Web page caption snippets

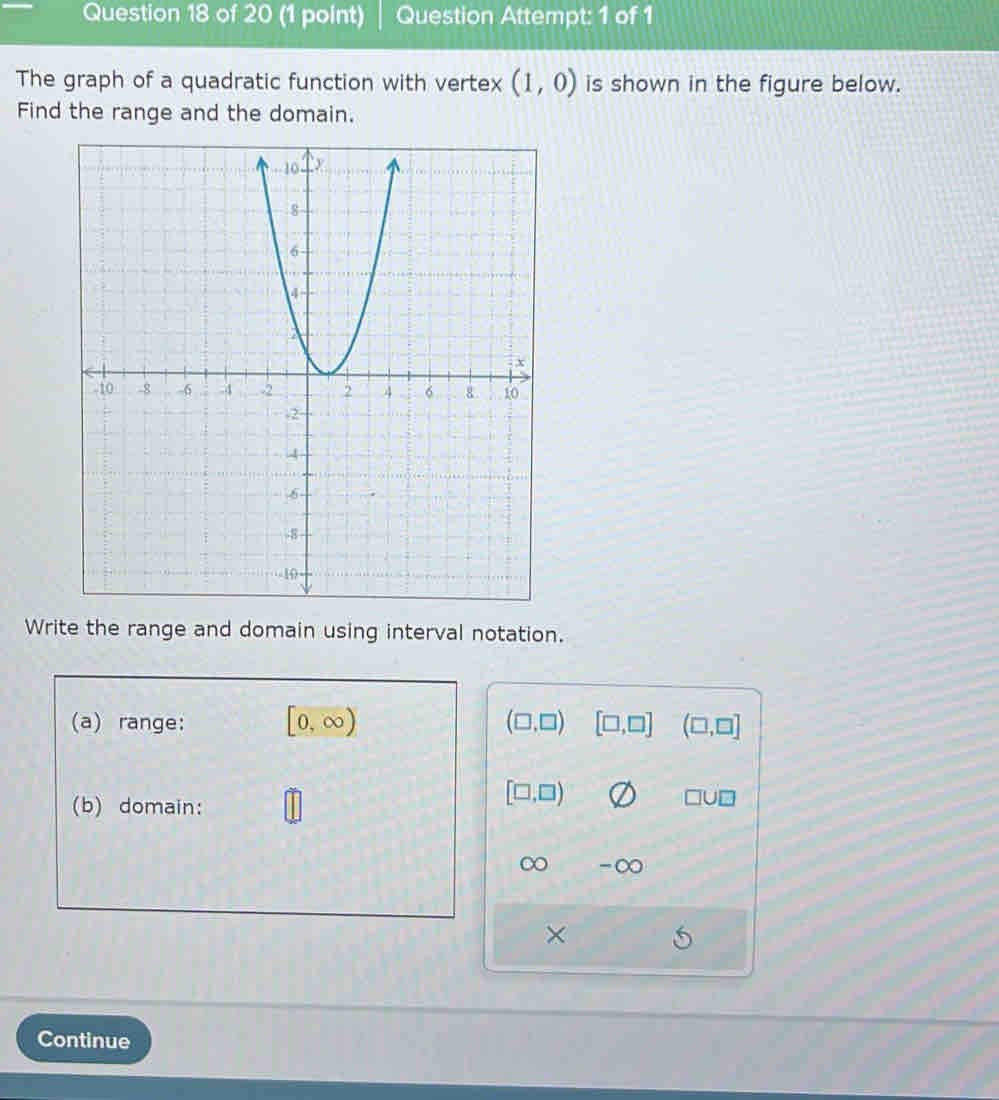 Question Attempt: 1 of 1 
The graph of a quadratic function with vertex (1,0) is shown in the figure below. 
Find the range and the domain. 
Write the range and domain using interval notation. 
(a) range: [0,∈fty ) (□ ,□ ) [□ ,□ ] (□ ,□ ]
(b) domain:
[□ ,□ )
□ U□
∞ ∈fty 
× 
Continue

WORK INSTRUCTION:
Please output every entry exactly as written, apart from the pictures.

RESULT OF THE TASK:
 Question Attempt: 1 of 1 
The graph of a quadratic function with vertex (1,0) is shown in the figure below. 
Find the range and the domain. 
Write the range and domain using interval notation. 
(a) range: [0,∈fty ) (□ ,□ ) [□ ,□ ] (□ ,□ ]
(b) domain:
[□ ,□ )
□ U□
∞ ∈fty 
× 
Continue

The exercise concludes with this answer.